Write first four of the terms of the A.P., when the first term a and the common difference a are given as follows :

(i) a = 10, d = 10

(ii) a = -2, d = 0

(iii) a = 4, d = -3

(iv) a = $\dfrac{1}{2}$, d = $-\dfrac{1}{6}$

(i) Here, a₁ = a = 10,   a₂ = a₁ + d = 10 + 10 = 20,

a₃ = a₂ + d = 20 + 10 = 30,    a₄ = a₃ + d = 30 + 10 = 40.

Hence, the first four terms of A.P. are 10, 20, 30, 40.

(ii) Here, a₁ = a = -2,   a₂ = a₁ + d = -2 + 0 = -2,

a₃ = a₂ + d = -2 + 0 = -2,    a₄ = a₃ + d = -2 + 0 = -2.

Hence, the first four terms of A.P. are -2, -2, -2, -2.

(iii) Here, a₁ = a = 4,   a₂ = a₁ + d = 4 + (-3) = 1,

a₃ = a₂ + d = 1 + (-3) = -2,    a₄ = a₃ + d = -2 + (-3) = -5.
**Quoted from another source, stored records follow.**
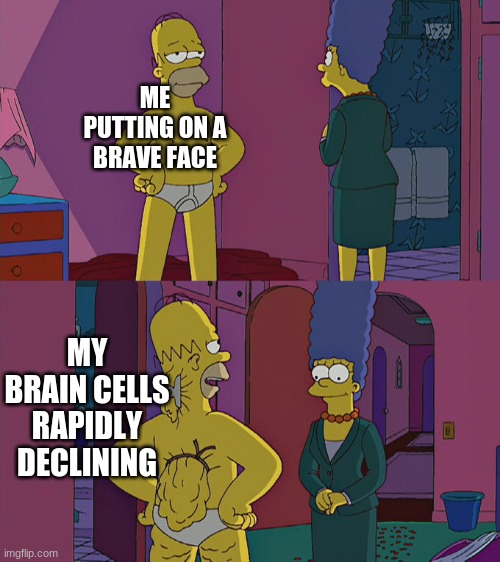 Homer Simpson's Back Fat | ME PUTTING ON A BRAVE FACE; MY BRAIN CELLS RAPIDLY DECLINING | image tagged in homer simpson's back fat | made w/ Imgflip meme maker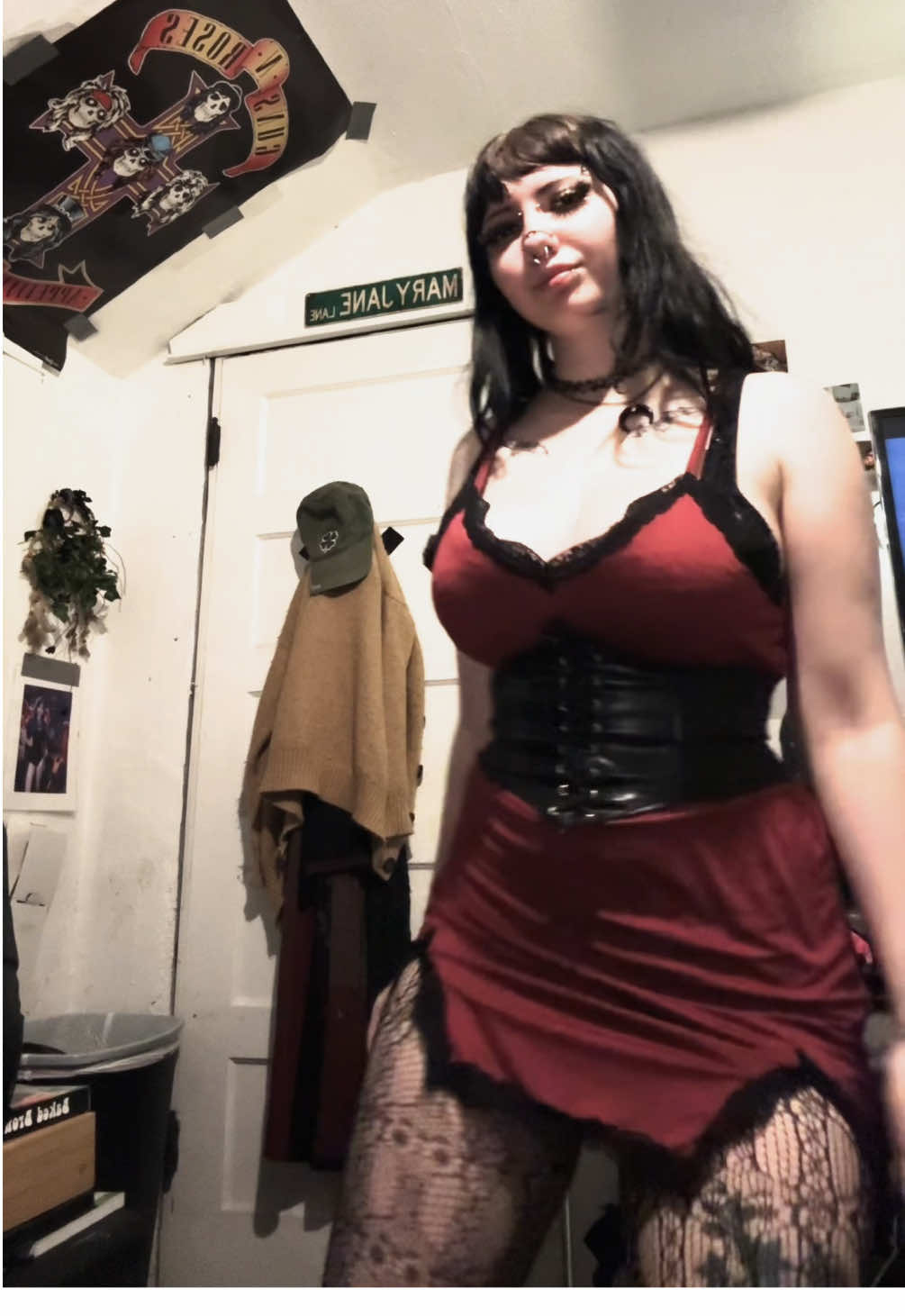 this thrifted slip dress is SO CUTE UGH | #goth #fypシ゚viral #trend #gothgirl #queenemeraldrose 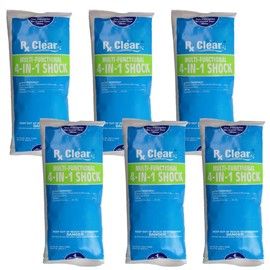 Rx Clear Multi-Functional 4-in-1 Swimming Pool Shock | 99% Sodium Dichloro-s-Triazinetrione Dihydrate | Kills Bacteria and Algae | One-Pound Bags | 6-Pack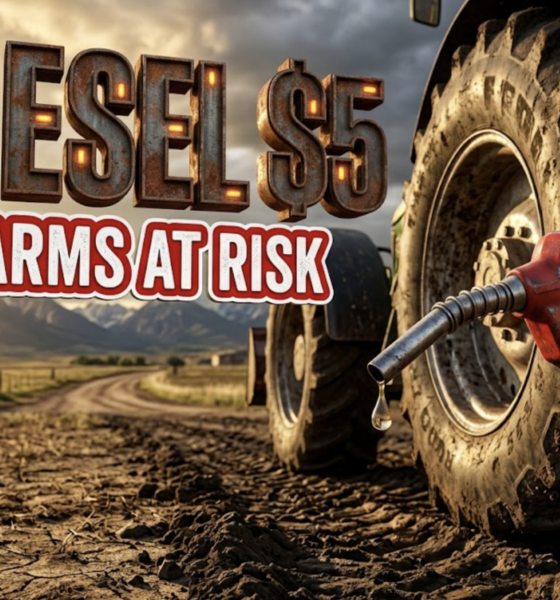 A viral, hyper-realistic image with a rustic agricultural atmosphere. The background is a sprawling Colorado farmland with the Rocky Mountains in the distance under dramatic golden hour lighting with storm clouds gathering. The composition uses a low angle shot to emphasize scale, focusing on the main subject: a weathered red diesel fuel pump nozzle dripping fuel, positioned next to a massive modern farm tractor tire caked with soil. Image size should be 3:2. The image features massive 3D typography with strict hierarchy: The Primary Text reads exactly: 'DIESEL $5'. This text is massive, the largest element in the frame, rendered in industrial rusted metal with glowing orange warning lights to look like a high-budget 3D render. The Secondary Text reads exactly: 'FARMS AT RISK'. This text is significantly smaller, positioned below the main text. It features a thick, distinct red border with white fill (sticker style) to contrast against the background. Make sure text 2 is always different theme, style, effect and border compared to text 1. The text materials correspond to the agricultural crisis concept. Crucial Instruction: There is absolutely NO other text, numbers, watermarks, or subtitles in this image other than these two specific lines. 8k, Unreal Engine 5, cinematic render.
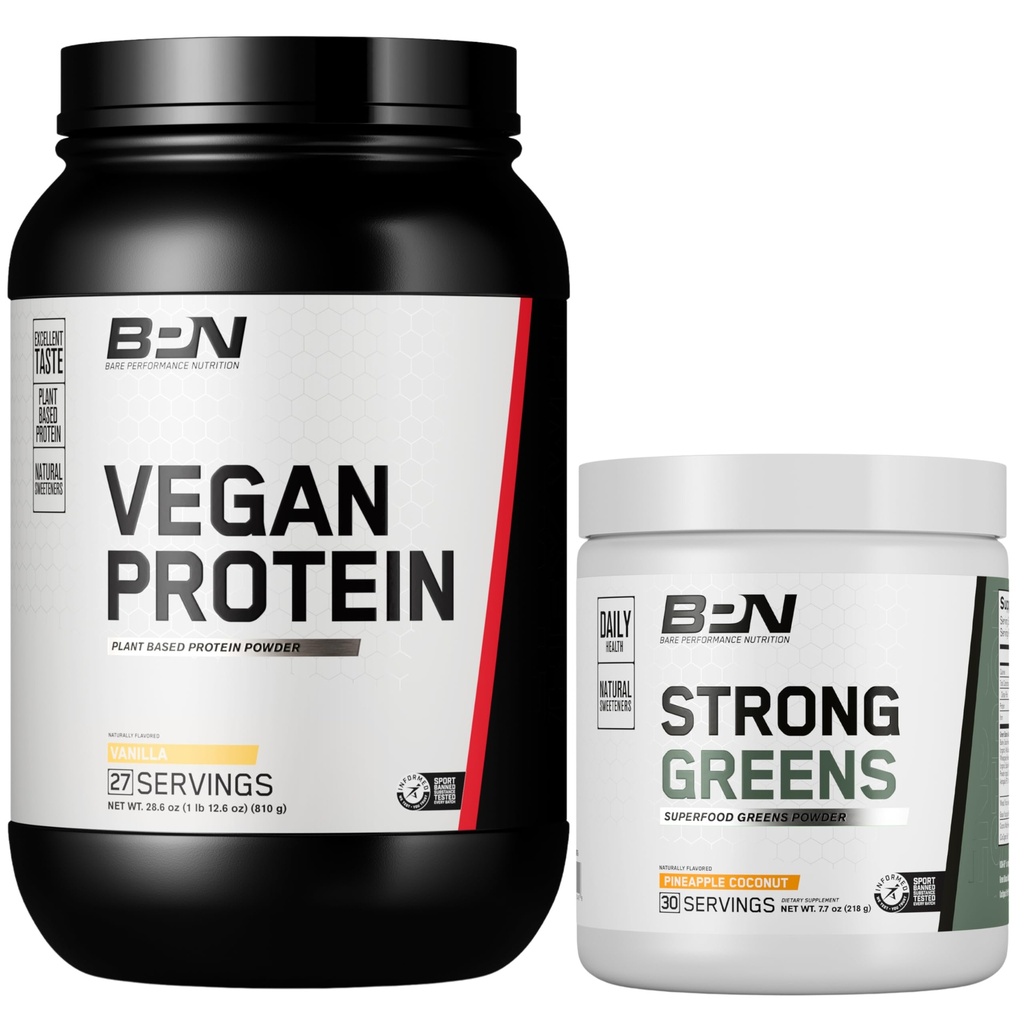 BARE PERFORMANCE NUTRITION BPN Vegan Vanilla proteini + Güçlü Yeşiller Pineapple Coconut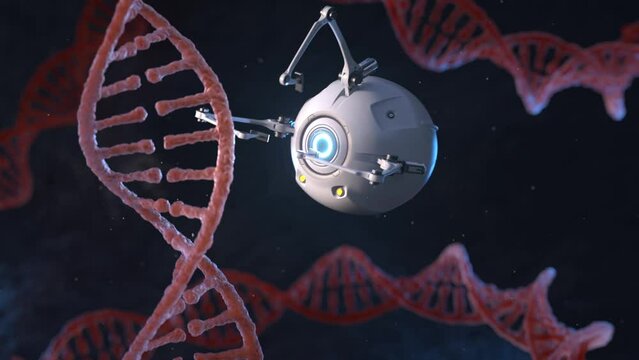Genetic engineering and gene manipulation. Nanorobot editing DNA
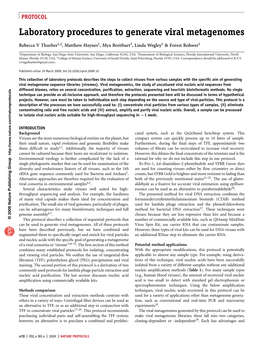 Laboratory Procedures to Generate Viral Metagenomes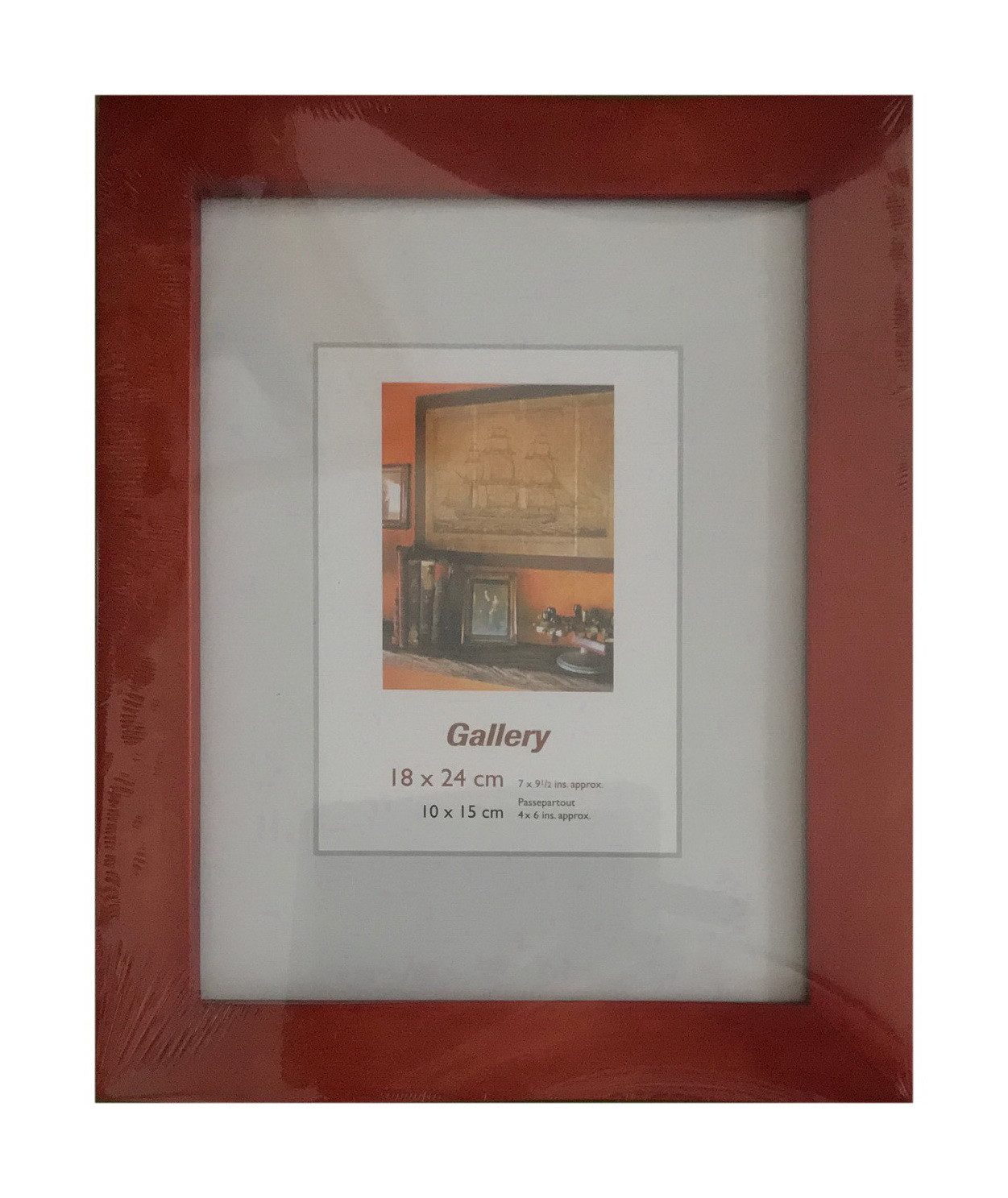 Oslo MasterLine Portraitrahmen Рамки Holz geschwungenes Profil Echtglas stabiler Aufsteller, Format 18 x 24 cm Rahmenfarbe rot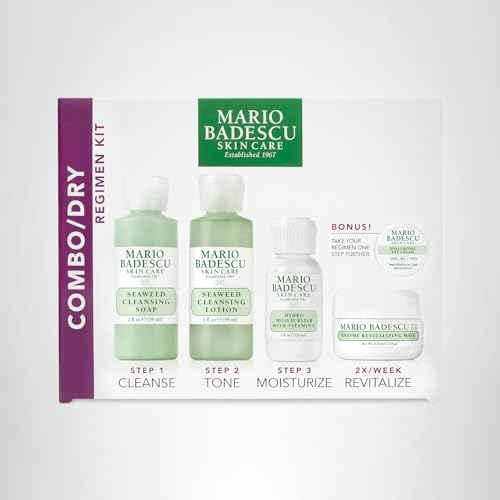 Mario Badescu Combo/Dry Regimen 5 Piece Kit, Skincare Gift Set Includes Seaweed Cleansing Soap, Seaweed Cleansing Lotion, Hydro Moisturizer, Enzyme Revitalizing Mask, and Hyaluronic Eye Cream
Hence, the first four terms of A.P. are 4, 1, -2, -5.

(iv) Here, a₁ = a = $\dfrac{1}{2}$,   a₂ = a₁ + d = $\dfrac{1}{2} + \big(-\dfrac{1}{6}\big) = \dfrac{2}{6} = \dfrac{1}{3}$,

a₃ = a₂ + d = $\dfrac{2}{6} + \big(-\dfrac{1}{6}\big) = \dfrac{1}{6}$,    a₄ = a₃ + d = $\dfrac{1}{6} + \big(-\dfrac{1}{6}\big)$ = 0.

Hence, the first four terms of A.P. are $\dfrac{1}{2}, \dfrac{1}{3}, \dfrac{1}{6}, 0$.